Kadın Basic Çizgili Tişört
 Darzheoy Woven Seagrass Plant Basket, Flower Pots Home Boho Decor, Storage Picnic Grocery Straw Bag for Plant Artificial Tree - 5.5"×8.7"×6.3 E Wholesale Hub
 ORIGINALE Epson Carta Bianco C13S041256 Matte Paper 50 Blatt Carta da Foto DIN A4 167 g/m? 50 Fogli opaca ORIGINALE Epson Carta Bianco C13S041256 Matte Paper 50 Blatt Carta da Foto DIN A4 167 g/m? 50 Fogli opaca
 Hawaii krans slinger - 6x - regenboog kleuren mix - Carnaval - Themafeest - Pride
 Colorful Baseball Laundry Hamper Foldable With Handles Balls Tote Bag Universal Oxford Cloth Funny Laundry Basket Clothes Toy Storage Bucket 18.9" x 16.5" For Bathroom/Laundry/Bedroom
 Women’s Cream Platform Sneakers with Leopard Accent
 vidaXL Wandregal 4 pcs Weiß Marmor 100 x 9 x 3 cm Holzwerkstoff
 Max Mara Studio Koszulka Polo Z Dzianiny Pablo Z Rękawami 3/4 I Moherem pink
------------------------------------
> [TASK STATEMENT] Exactly the lines from the one containing "Colorful Baseball Laundry" through the end of the listing should be reproduced, both ends included and nothing more.

> [TASK OUTPUT]
 Colorful Baseball Laundry Hamper Foldable With Handles Balls Tote Bag Universal Oxford Cloth Funny Laundry Basket Clothes Toy Storage Bucket 18.9" x 16.5" For Bathroom/Laundry/Bedroom
 Women’s Cream Platform Sneakers with Leopard Accent
 vidaXL Wandregal 4 pcs Weiß Marmor 100 x 9 x 3 cm Holzwerkstoff
 Max Mara Studio Koszulka Polo Z Dzianiny Pablo Z Rękawami 3/4 I Moherem pink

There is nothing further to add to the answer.